Happy Birthday Millard Sheets: Top Ten Public Art Projects to See in Person
KCET Departures' "Writing on the Wall" guest editorial series continues with a return visit from Adam Arenson, assistant professor of history, University of Texas at El Paso. His blog is dedicated to research on the art, architecture, and urban context of the Sheets Studio, with a special focus on its work for Home Savings and Loan. "I hope to inform the owners of these unique properties, and to get them in touch with living Sheets Studio artists and trained preservationists to help maintain this public art for generations to come," says Arenson, who lives in Los Angeles. Here is a Top Ten must-see list to mark Millard Sheets's birthday. Sheets was born in Pomona.
By Adam Arenson
On June 24, 2013, Millard Sheets would have turned 106. That is quite old, but Sheets was in the lasting business: "I want buildings that will be exciting seventy-five years from now," Howard Ahmanson said to Sheets in 1953, offering him the chance to design the Home Savings look.
Sixty years later, the buildings and their mosaics, murals, stained glass, and sculpture seem on their way to that mark.
In honor of Sheets' birthday, I provide a Top Ten list of Sheets's public art projects worth seeing in person. All such lists have their flaws -- and it was so hard to choose -- but here we go.

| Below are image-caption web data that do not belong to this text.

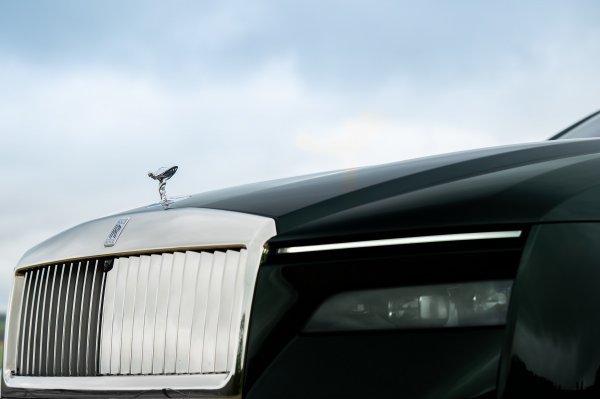 Rolls-Royce Spectre - prvi potpuno električni model legendarne britanske marke luksuznih automobila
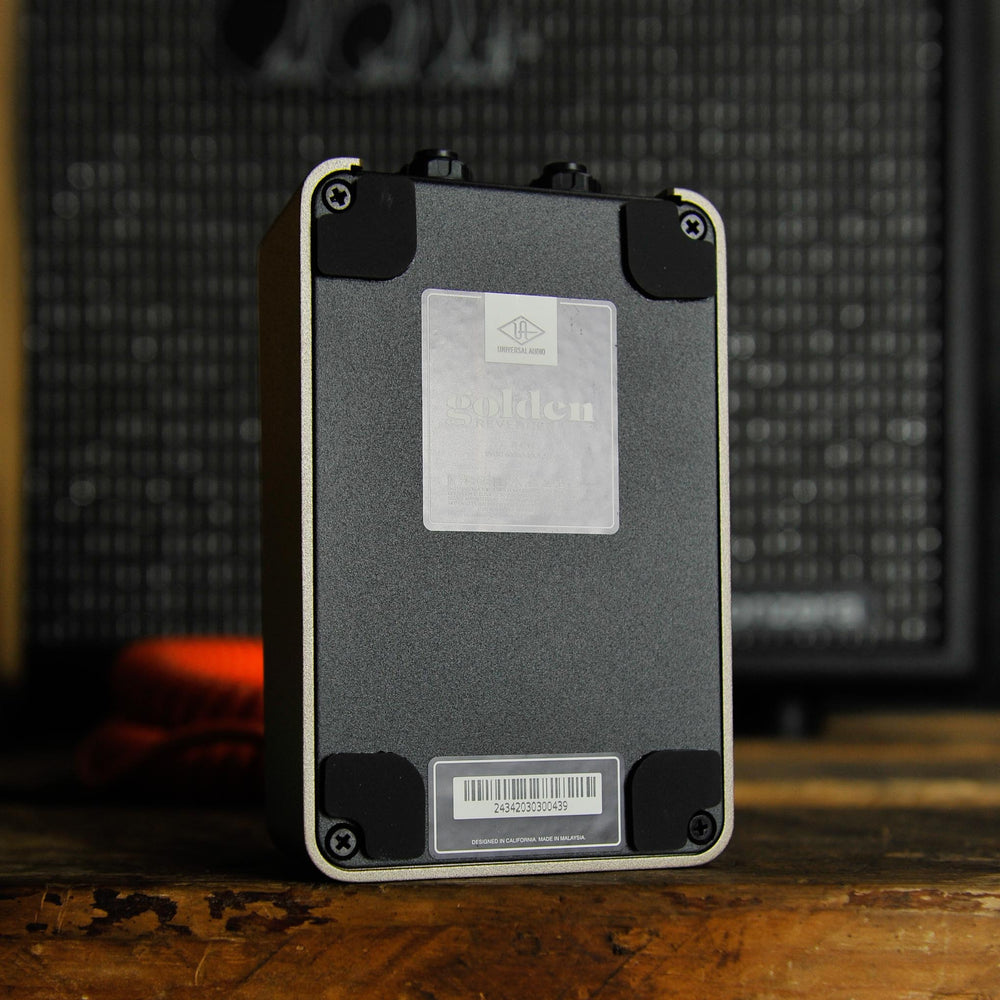 UAFX Golden Reverberator Pedal
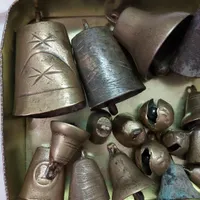 زنگوله قدیمی برنجی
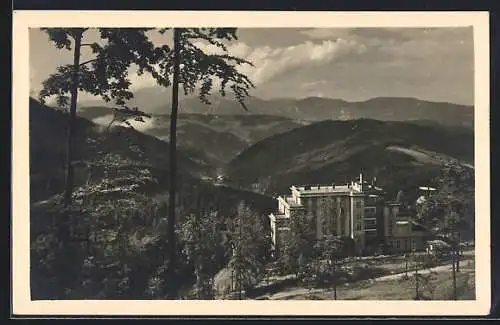 AK Semmering, Palace Sanatorium mit Bergpanorama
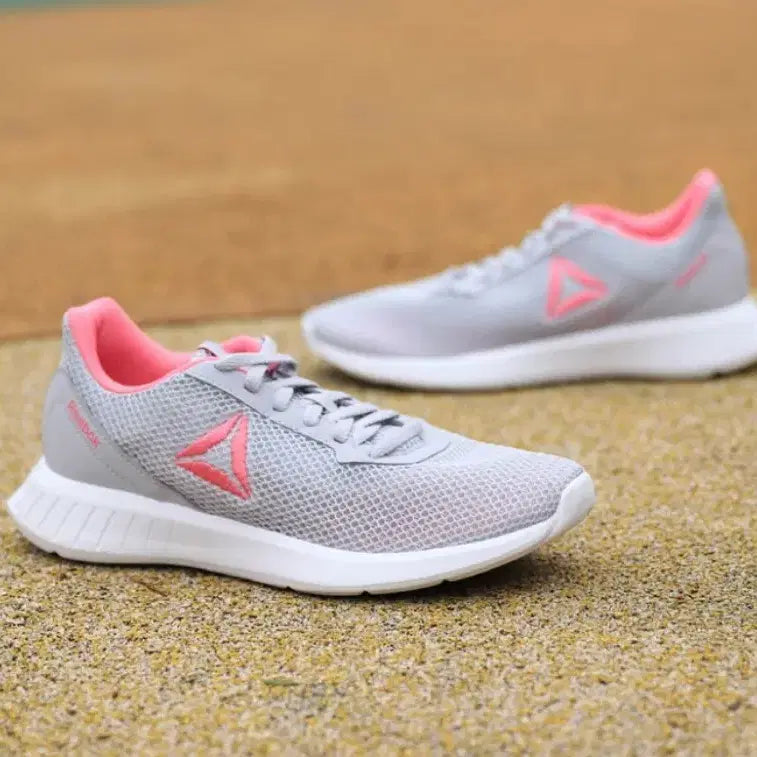 [BUNJANG] Reebok Mesh Sneakers Gray/Pink 225 / 새상품.리복 메쉬 운동화 그레이/핑크 225사이즈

This highlight some of the very best among the close to 200 works of public or corporate art created by Millard Sheets and his studio of artists between 1939 and the early 1980s. And you'll see I've slipped in some locations nearby my choices, in case you are ready to tour.
10. Lubbock Memorial Civic Center
To see how Millard Sheets interpreted the history and community identity of a place far from his California home, see the "Tribute to our Heritage" mural in the Lubbock, Texas, Memorial Civic Center. While there, check out the Lubbock National Bank mosaics, including one with a lemonade stand.
Texas too far? Consider the reinstalled mural at the San Jose airportas an alternate in the place-of-assembly category.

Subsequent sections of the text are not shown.